--- Entries supplied Enclosed Below ---

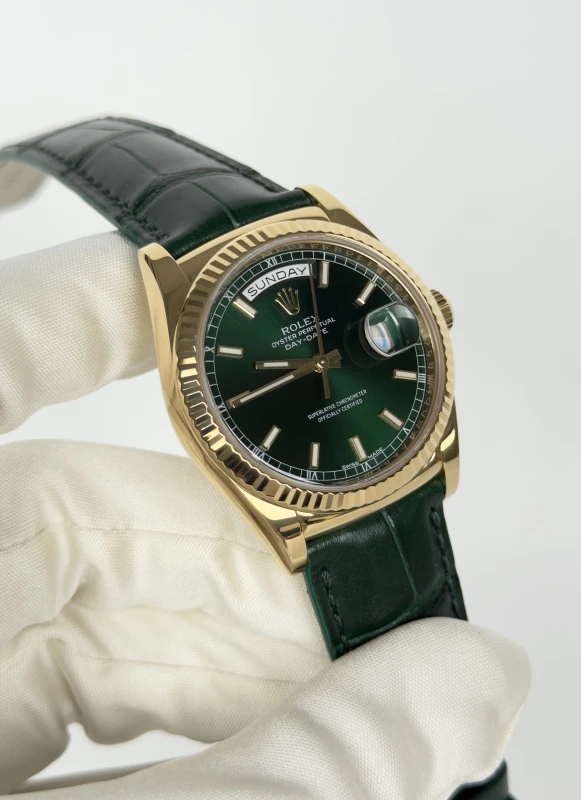 Rolex 36 mm, yellow gold 118138-0003 3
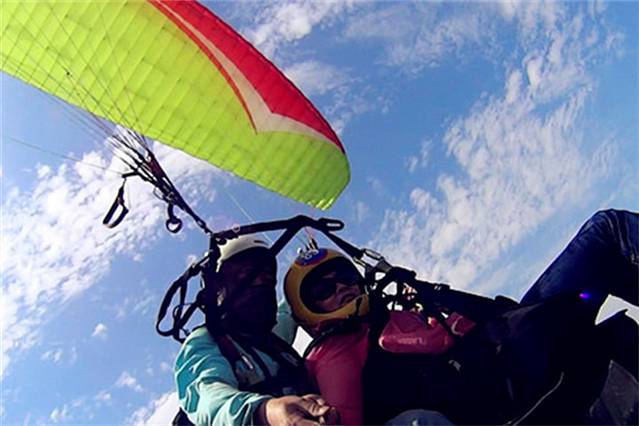 伏龙山滑翔伞训练基地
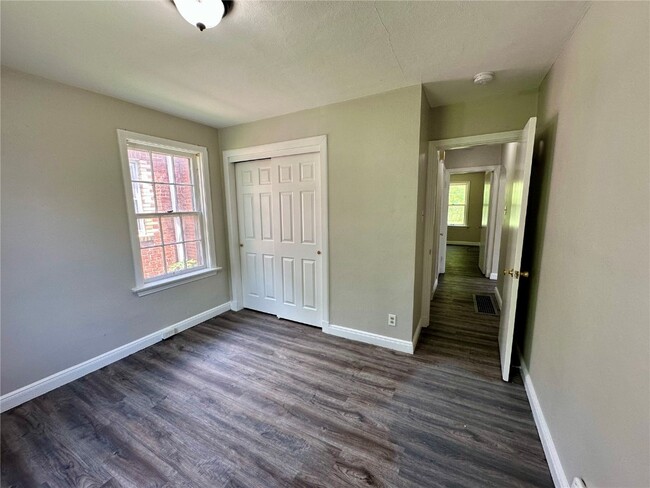 Building Photo - 1422 Tamerton Ave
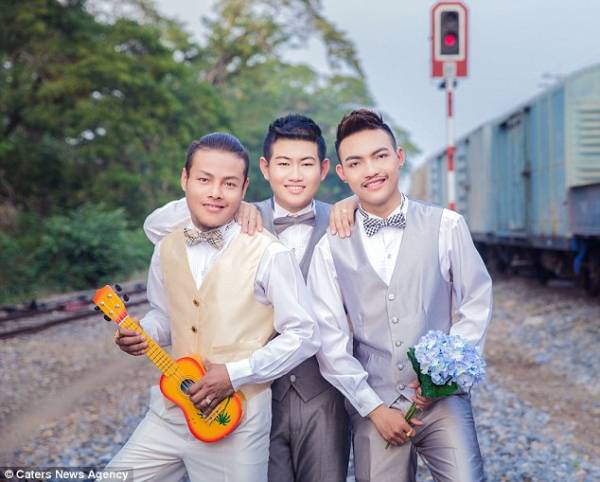 Đám cưới đồng tính tay ba đầu tiên trên thế giới 4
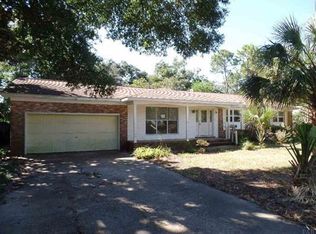 113 S Sunset Blvd, Gulf Breeze, FL 32561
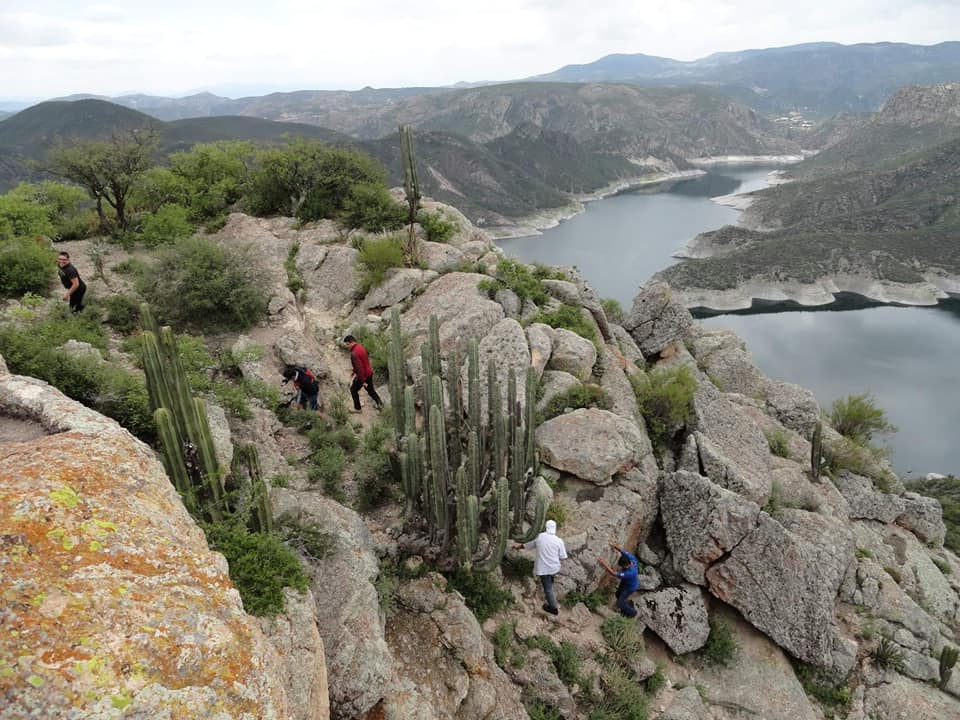 En el mirador El Vigilante puedes realizar senderismo, escalada y dar paseos en lancha por la presa 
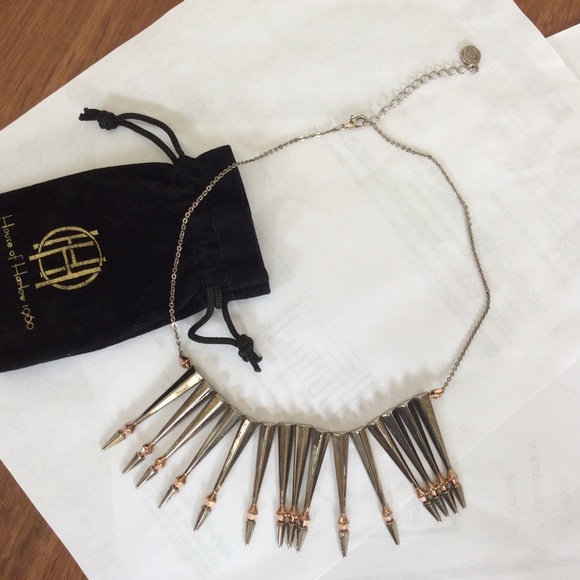 Like new HOH warrior nomadic arrow silver necklace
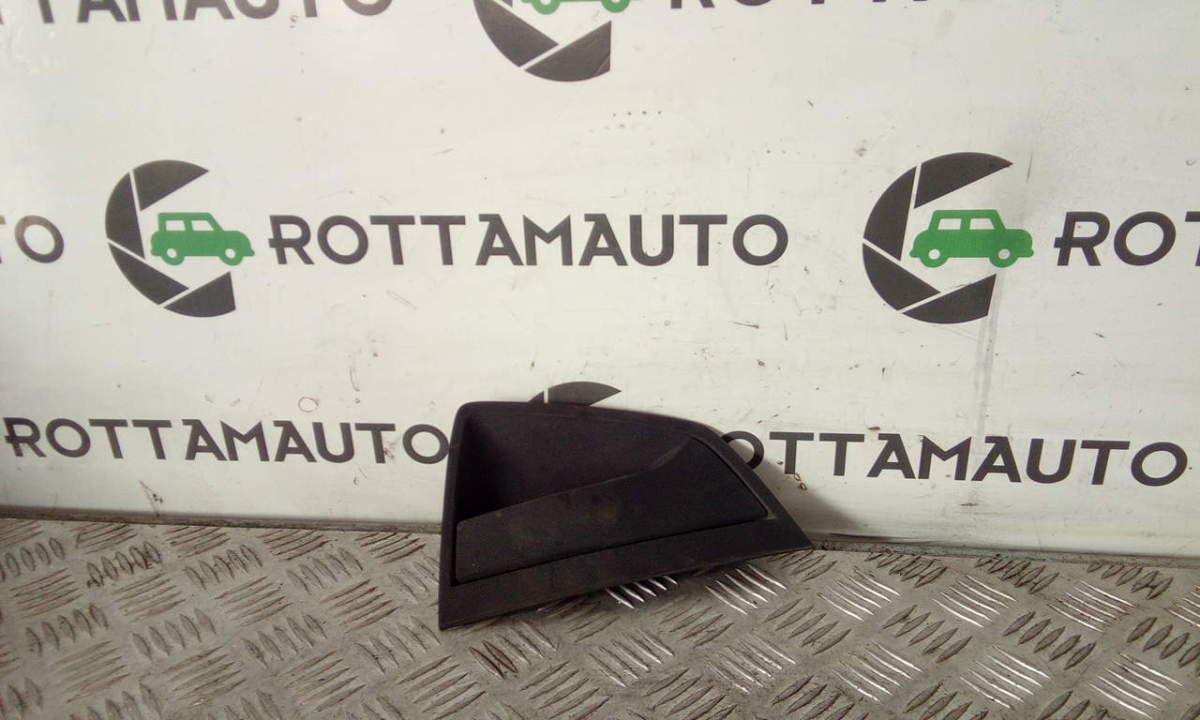 maniglia porta post. sinistro - Immagine 1 di 3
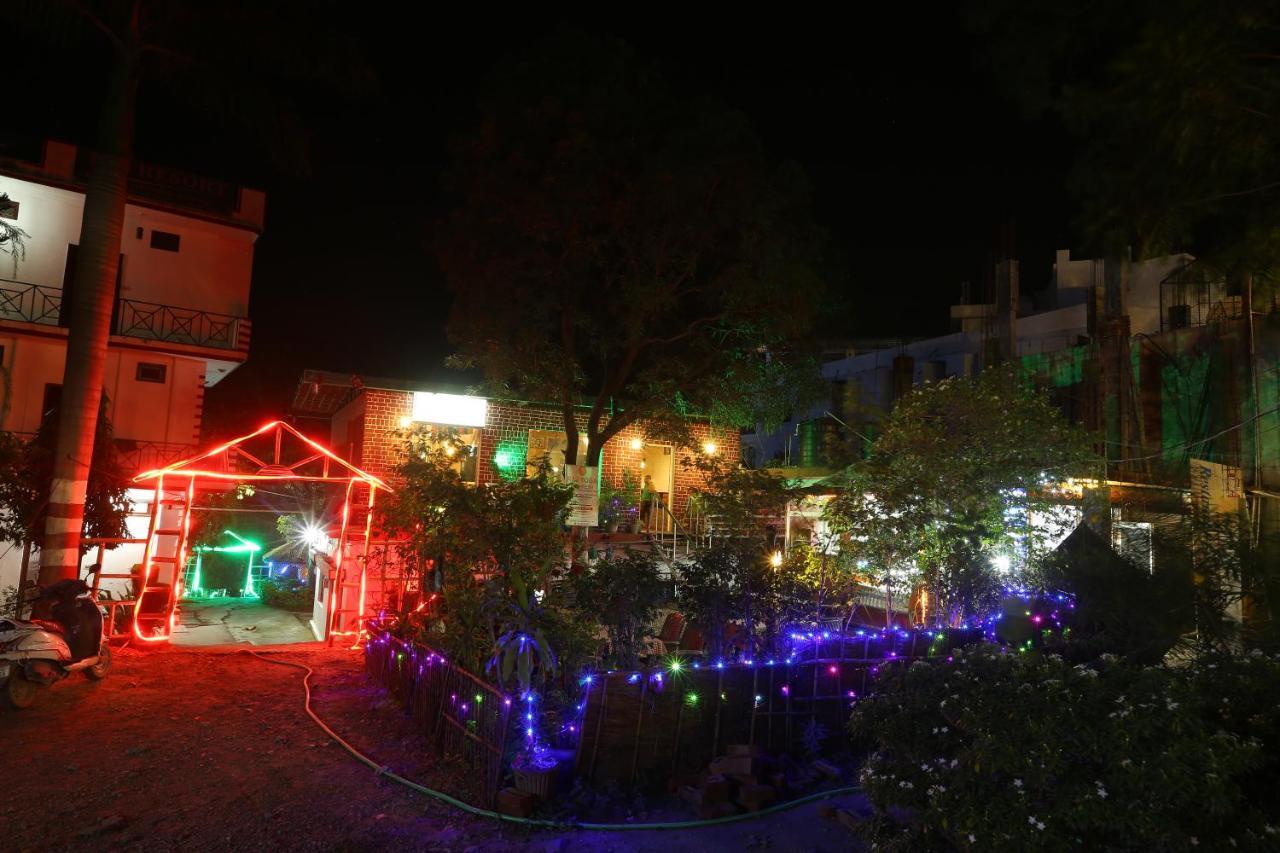 Raj Resort Rishikesh Tapovan Екстер'єр фото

--- End of Enclosed Entries supplied ---

Omit every picture, then reproduce the rest of the listing exactly.

_The completed task_
 Rolex 36 mm, yellow gold 118138-0003 3
 伏龙山滑翔伞训练基地
 Building Photo - 1422 Tamerton Ave
 Đám cưới đồng tính tay ba đầu tiên trên thế giới 4
 113 S Sunset Blvd, Gulf Breeze, FL 32561
 En el mirador El Vigilante puedes realizar senderismo, escalada y dar paseos en lancha por la presa 
 Like new HOH warrior nomadic arrow silver necklace
 maniglia porta post. sinistro - Immagine 1 di 3
 Raj Resort Rishikesh Tapovan Екстер'єр фото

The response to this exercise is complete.